Re: Keyword slow down import?
PostPosted:Tue May 09, 2017 4:05 pm
by openkm_user
Code: Select allselect COUNT(DISTINCT(NKW_KEYWORD)) from OKM_NODE_KEYWORD
This returns 24, documents will have one of these 24 keywords only added to it. So we aren't giving unique keyword for each of the documents.
Re: Keyword slow down import?
PostPosted:Fri May 12, 2017 6:52 pm
by jllort
Very bad idea using keywords in this scenarios. Keyword might going right for small companies, 5-10 users what they will not create a lot of them or with a controlled dictionary ( like thesaurus ) anyway I do not suggest it. It's always better for several reason - what I will explain now for not extending so much the answer - use metadata, with metadata you can do the same as using keywords or categories and something more. But for performance reason we encourage do not use it, take in mind at dashboard we are drawing a tag cloud, with a tag cloud of 25K keywords can take several minutes the browser stalled working.
Do you have 6 milions docs into OpenKM community version ? is that your scenario ? What OpenKM version are you using.
Re: Keyword slow down import?
PostPosted:Fri May 12, 2017 8:02 pm
by openkm_user
Yes, we have 6 million documents in OpenKM Community 6.3.3. We periodically purge dashboard table since it is not required for our purpose, we use OpenKM like a container and access everything through REST API.
If Keyword is absolutely a bad idea, I read somewhere you mentioned that Keyword can be converted to Metadata, can you please let us know how to do?
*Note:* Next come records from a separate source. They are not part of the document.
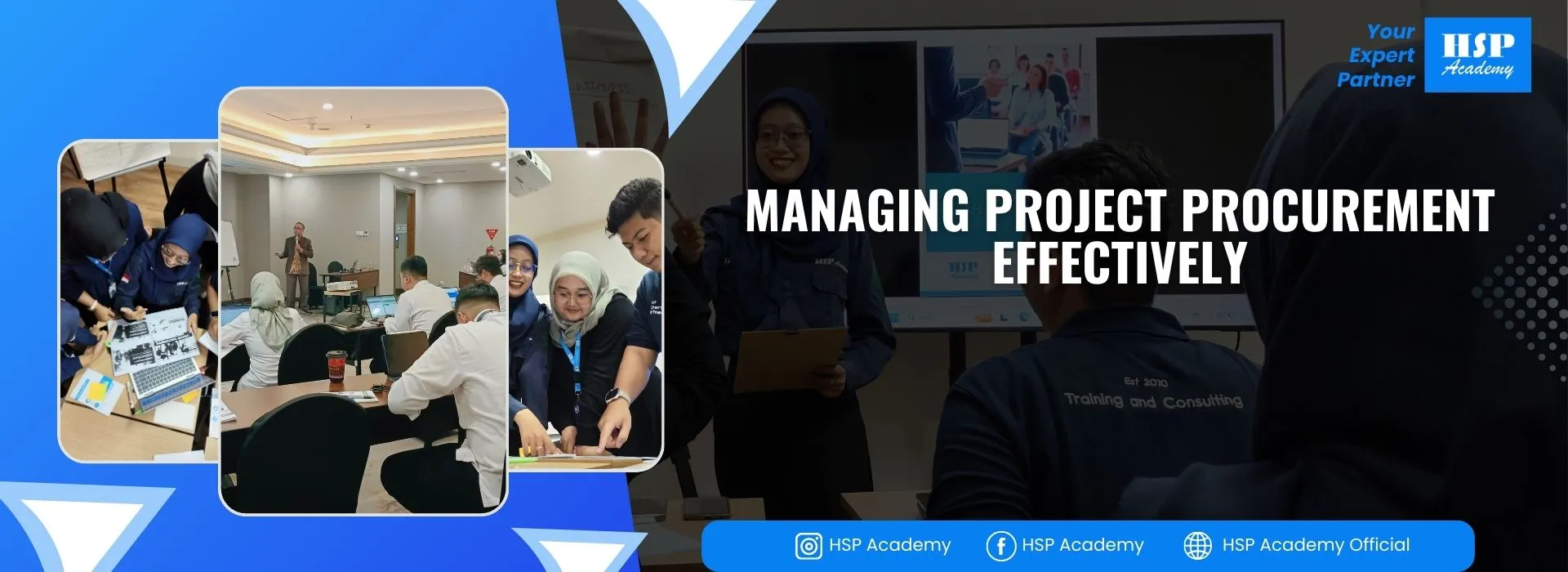 Pelatihan MANAGING PROJECT PROCUREMENT EFFECTIVELY di HSP Academy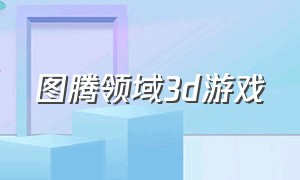 图腾领域3d游戏（图腾领域有游戏了吗）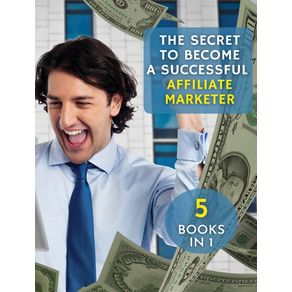 --5-BOOKS-IN-1-----THE-SECRET-TO-BECOME-A-SUCCESSFUL-AFFILIATE-MARKETER----RIGID-COVER---HARDBACK-VERSION---ENGLISH-EDITION-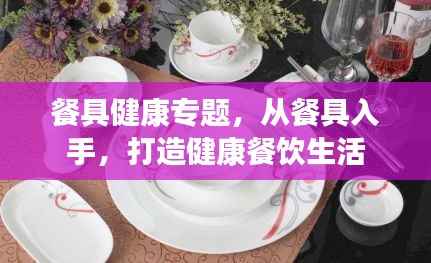 餐具健康专题，从餐具入手，打造健康餐饮生活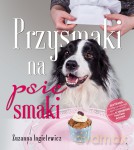 Przysmaki Na Psie Smaki - Zusanna Ingielewicz [KSIĄŻKA]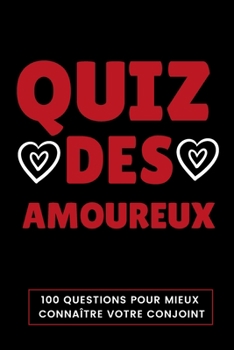 Paperback Quiz Des Amoureux: 100 Questions Pour Mieux Connaître Votre Conjoint - Parfait Cadeau Pour La Saint Valentin, Mariage, Anniversaire ... - [French] Book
Re: Keyword slow down import?
PostPosted:Sat May 13, 2017 11:42 am
by jllort
The best option should be a crontab task or scripting task what iterate across all the repository, getting the keywords and converting to metadata, and removing keyword. Consider these URL as a starting point:
https://docs.openkm.com/kcenter/view/ok ... rsal-.html
https://docs.openkm.com/kcenter/view/ok ... etChildren ( list of documents from some folder ) -> Document will return keywords associated
https://docs.openkm.com/kcenter/view/ok ... oveKeyword ( remove the keyword )
https://docs.openkm.com/kcenter/view/ok ... tiesSimple ( set metadata )
https://docs.openkm.com/kcenter/view/ok ... field.html ( single input field is enought for your case ).
6 milions docs is something very big, in this kind of scenarios must consider a lot of things. You must tunning database sure from up 1 milion docs. How do you catalog files -> set the folder ?
Good idea is to separate application server from database server. Investigate configuration performance for writing, and cache.
Are you using security in your repository or only a single user administrator ( the best scenario is removing any kind of security in the repository and use only administrator conection, but obviously that is better if you do it from the begining ).
Re: Keyword slow down import?
PostPosted:Tue May 16, 2017 10:15 am
by openkm_user
Thanks, I will take a look at all these.